Joe Hoare

Personal information
- Full name: Joseph Henry Hoare
- Date of birth: November 1881
- Place of birth: Southampton, England
- Date of death: 24 March 1947 (aged 65)
- Place of death: West End, Hampshire, England
- Position: Full-back

Youth career
- Southampton Oxford

Senior career*
- Years: Team / Apps / (Gls)
- 1902–1903: Southampton / 4 / (0)
- 1903–1904: Liverpool / 7 / (0)
- 1904–1905: Southampton / 3 / (0)
- 1905–1908: Bitterne Guild
- 1908–1909: Salisbury City
- 1909–1912: Bitterne Guild
- 1912–1914: Woolston

= Joe Hoare =

English footballer (1881–1947)

Joseph Henry Hoare (November 1881 – 24 March 1947) was an English professional footballer who played as a full-back for Southampton and Liverpool in the 1900s.

==Playing career==
Hoare was born in Southampton and trained as a carpenter and joiner, playing amateur football with Southampton Oxford F.C. He joined Southern League champions Southampton F.C. in 1902 and became understudy to England international George Molyneux. He made his debut on 25 October 1902 in a 2–0 victory over Luton Town but only made three further appearances during the 1902–03 season, at the end of which the "Saints" re-claimed the Southern League championship for the fifth time in seven years. Although he was considered to be "handicapped by a lack of weight, (he) more than compensated for this with his pluck and endurance". At the end of the season he received offers from Reading and Liverpool and chose the latter.

He made seven league appearances for Liverpool during the 1903–04 season, his debut coming on 24 October 1903 at home to Derby Co. with his final match coming against Sheffield United also at home on 12 March 1904.

After losing his place in the Liverpool side following an accident, he decided to return to the south coast, in time for Southampton's summer tour of South America, during which they played teams representing Argentina and Uruguay, winning 8–0 and 8–1 respectively.

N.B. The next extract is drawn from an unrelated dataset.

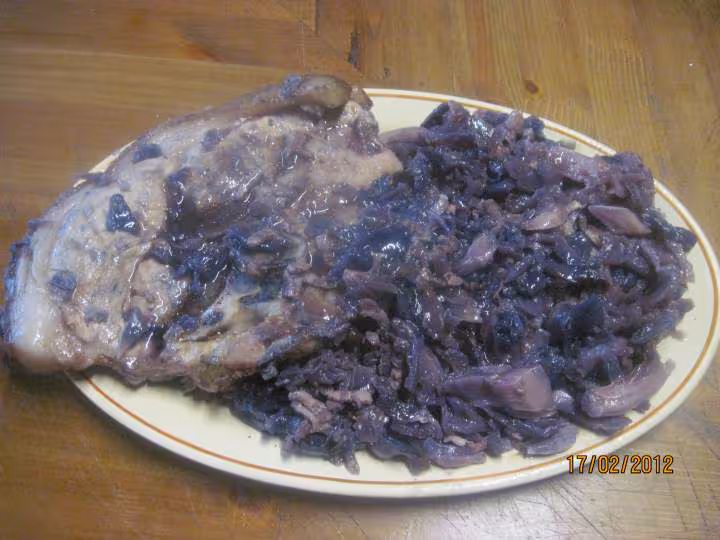Rouelle de porc au chou rouge a l etouffer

He went on to make three further league appearances for Southampton at the start of the 1904–05 season, before giving way to new signing, Bob Benson.

He decided to retire from professional football before the end of the season and became the proprietor of a tobacconist's shop in Woolston. He then reverted to amateur football with Bitterne Guild F.C., Salisbury City and Woolston F.C., although he did make one further appearance for the Saints in the 1907 Southern Charity Cup Final.

He died at West End, Hampshire on 24 March 1947.